Depuis 1980, d’énormes progrès ont été réalisés sur le plan technologique et beaucoup permettraient d’améliorer les enquêtes, l’application de la loi dans les affaires fondées sur la Loi sur les infractions provinciales, l’administration des tribunaux et le déroulement des procédures relatives à la Loi. L’utilisation des outils technologiques a été intégrée à certains articles de la Loi. Ainsi, le 15 juin 2010, les paragraphes 83.1(1), (2) et (3) de la Loi sont entrés en vigueur, permettant aux témoins, aux défendeurs, aux poursuivants et aux interprètes de participer à une poursuite fondée sur la Loi par voie électronique, c’est-à-dire par vidéoconférence, audioconférence, conférence téléphonique ou par toute autre méthode définie par les règlements. L’article 83.1 comprend, certes, quelques mises en garde et restrictions en la matière, mais il s’agit d’une évolution majeure qui peut améliorer l’accès à la justice et le service. 

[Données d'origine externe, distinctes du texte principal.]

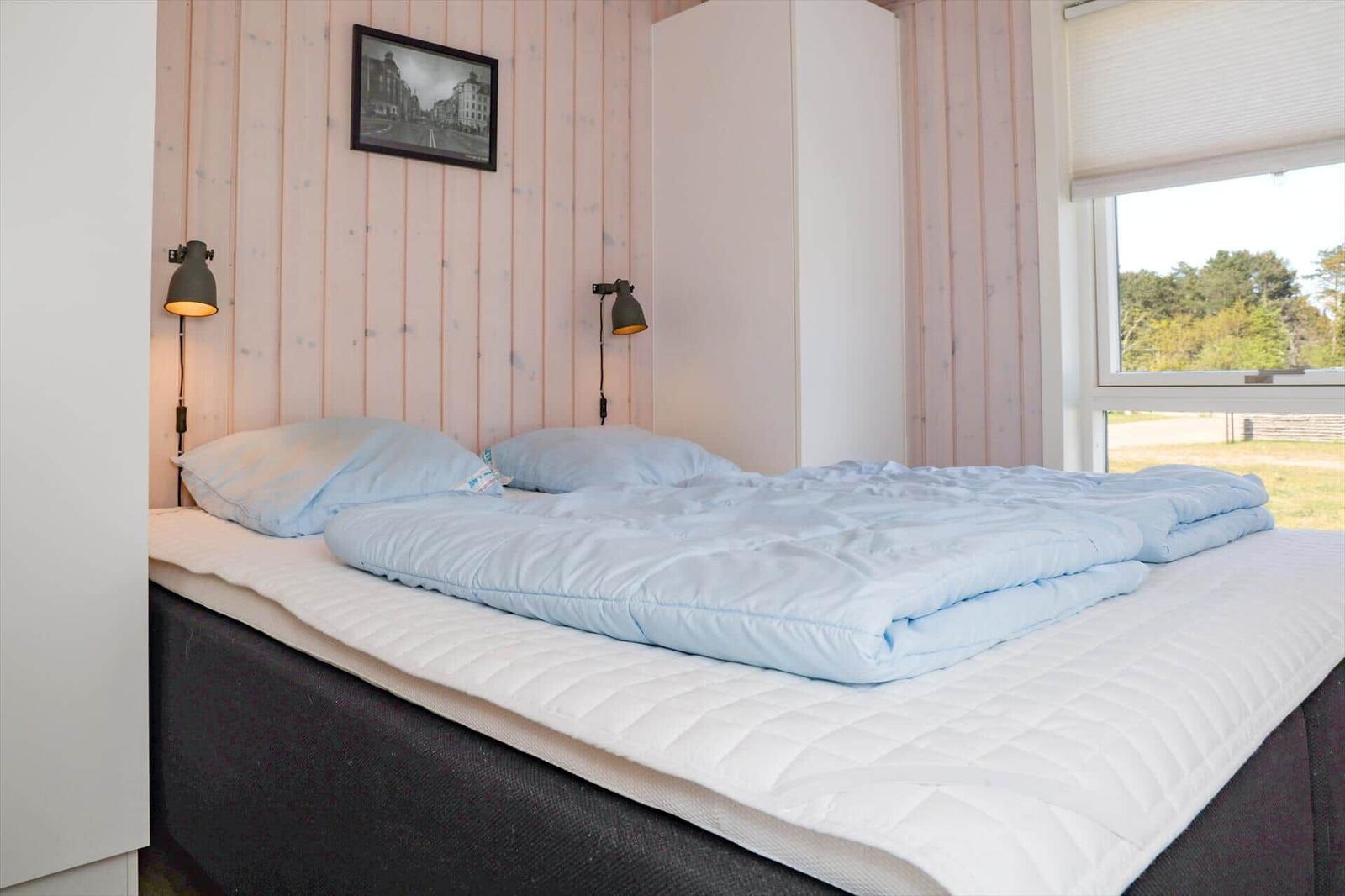 Schlafzimmer mit Bett, Wandlampen und Fensterblick auf Grünfläche.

Néanmoins, il existe des lacunes en ce qui concerne l’usage de la technologie dans les affaires liées à la Loi. Par exemple, contrairement au Code criminel, les dispositions relatives aux mandats de perquisition pour les affaires fondées sur la Loi ne traitent pas de la saisie de biens intangibles comme les données électroniques se trouvant sur un ordinateur. Une solution serait de modifier la Loi pour intégrer les progrès technologiques, mais l’on pourrait mettre en doute l’efficacité de légiférer sur les questions de procédure ayant recours à la technologie, alors que des règles de pratique, un règlement ou une ligne directrice pratique peuvent constituer une option plus souple et plus adaptable, notamment si l’on considère la nature extrêmement évolutive de la technologie. 

 

8.     Longs délais de règlement des affaires fondées sur la Loi 

Dans son rapport de 1973 intitulé Report on the Administration of Courts, la Commission de réforme du droit de l’Ontario faisait déjà remarquer ce qui suit : 

Le but principal du système judiciaire est de servir le public; cela veut dire des décisions judiciaires non seulement équitables, mais aussi rapides, d’un coût raisonnable et raisonnablement pratiques[38]. (Traduction libre)  

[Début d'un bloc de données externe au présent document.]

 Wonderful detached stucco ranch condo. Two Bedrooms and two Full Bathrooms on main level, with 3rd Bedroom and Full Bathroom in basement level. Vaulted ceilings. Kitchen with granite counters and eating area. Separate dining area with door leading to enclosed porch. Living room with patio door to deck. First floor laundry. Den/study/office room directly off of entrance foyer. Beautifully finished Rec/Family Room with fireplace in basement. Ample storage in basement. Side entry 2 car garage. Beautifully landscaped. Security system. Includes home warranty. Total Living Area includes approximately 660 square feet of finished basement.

Même si le délai de règlement des affaires fondées sur la Loi par les tribunaux fluctue selon les périodes et selon les municipalités, il est évident que ces affaires demandent actuellement beaucoup de temps. En 2007, le nombre moyen de jours entre la date de la première demande d’audience et celle du règlement d’une affaire fondée sur la partie I devant la Cour de justice de l’Ontario était de 198,7 jours; dans le cas d’une affaire fondée sur la partie III, il était de 291,9 jours. En 2008, ces chiffres étaient respectivement de 207,1 et de 276,8 jours[39]. Les chiffres relatifs aux procès-verbaux d’infraction de stationnement délivrés en vertu de la partie II de la Loi ne sont pas disponibles, mais la ville de Toronto a indiqué que cela peut prendre jusqu’à 14 mois pour obtenir une date de procès dans le cadre d’une infraction de stationnement. (Le délai varie de 8 à 14 mois, en fonction d’un certain nombre de variables[40].)  

 

9.     Leçons tirées 

Enfin, comme cela se produit avec tous les textes législatifs et réglementaires, l’expérience de nombreuses années a amené ceux qui se servent de la Loi à se faire une idée des parties qui fonctionnent bien et de celles qui pourraient être améliorées pour atteindre leurs objets véritables. Ainsi, le débat de la CDO sur la question des mises en liberté sous caution dans le cadre de poursuites intentées en vertu de la Loi était davantage motivé par les problèmes auxquels les parties intéressées pouvaient être confrontées, plutôt que par une simple comparaison législative avec les dispositions du Code criminel relatives à la mise en liberté sous caution.